During the past year, scientists have made incredible leaps in diagnosing and treating Lyme disease. We’ve seen a realistic vaccine candidate emerge and several new and exciting treatments with exciting potential, including a 70-year-old antibiotic. Unfortunately, we’ve also seen in stark terms the impact Lyme disease can have on physical and mental health.
At Biocentaur, we’re pioneering genetic testing for Lyme disease. You can learn more about our range of Lyme disease tests, including how you can book, here.
Here are five Lyme disease developments that caught the eye of the Biocentaur team during 2021.
Lyme disease vaccine completes Stage 2 trials
In September 2021, Pfizer and Valneva announced that their Lyme disease vaccine candidate VLA15 had completed Phase 2 trials. Currently the only Lyme disease vaccine in development, VLA15 targets six of the most common Borrelia serotypes in the USA and Europe.
Pfizer and Valneva have so far completed two trials involving 800 patients. Reviewing the evidence, researchers “observed high levels of antibodies against all six serotypes” after patients received the vaccine. The successful trial marks a further step towards a large-scale Phase 3 clinical trial, which, if successful, is the last step before entering clinical usage.

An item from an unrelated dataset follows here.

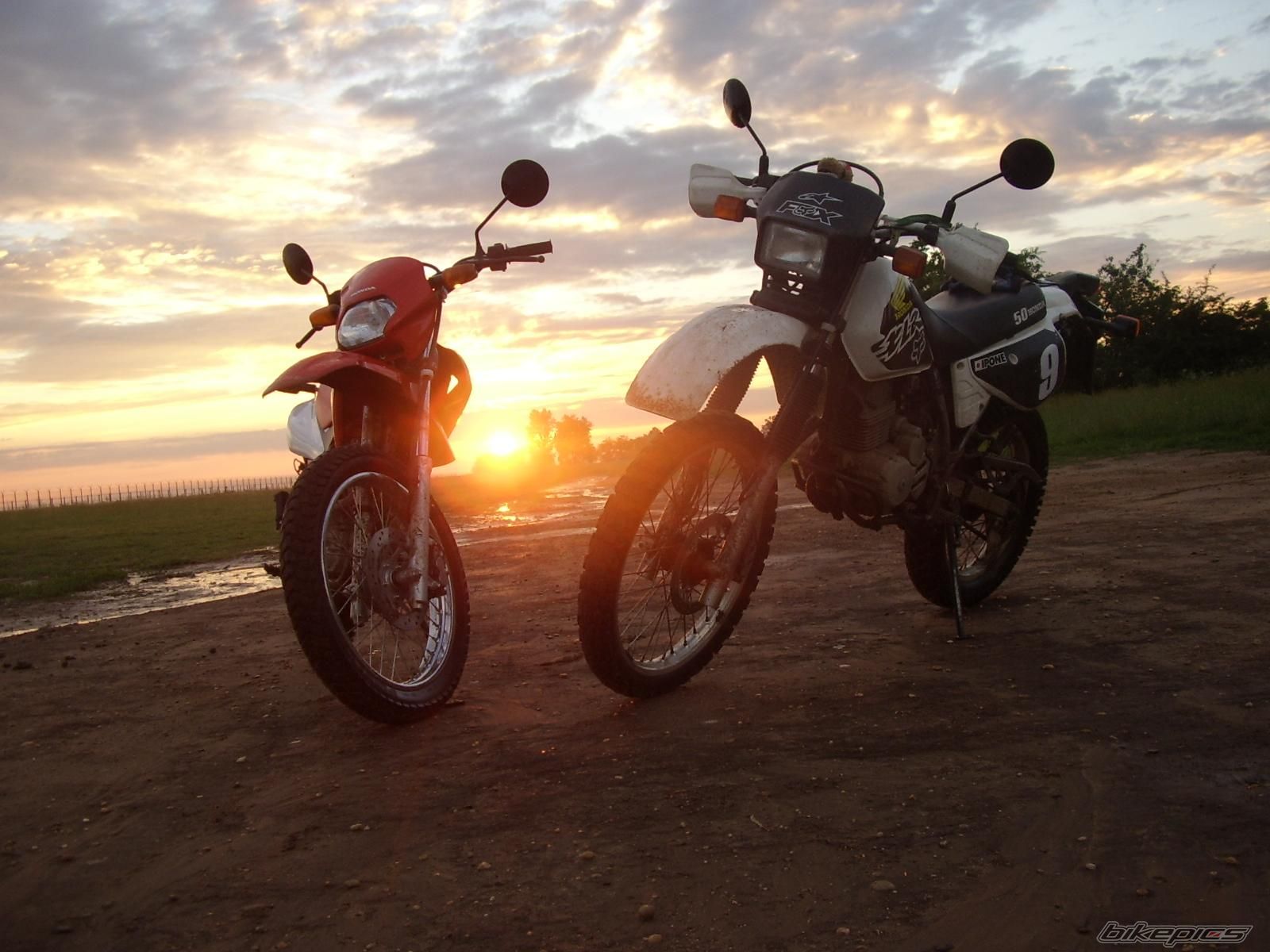 Bike Photo 1344485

Read more about the VLA15 vaccine here.
70-year-old antibiotic effective at treating Lyme disease
In November, scientists described how a 70-year-old antibiotic hygromycin A could treat Lyme disease and even eradicate it from the surrounding environment. In a paper published in the journal Cell, a team from Northeastern University in Boston and the University of Oklahoma describe how the antibiotic is better at treating Lyme disease, with fewer side effects than current antibiotics.
The authors caution that the trial was small and performed in animal models, but it’s a new life for this previously forgotten antibiotic.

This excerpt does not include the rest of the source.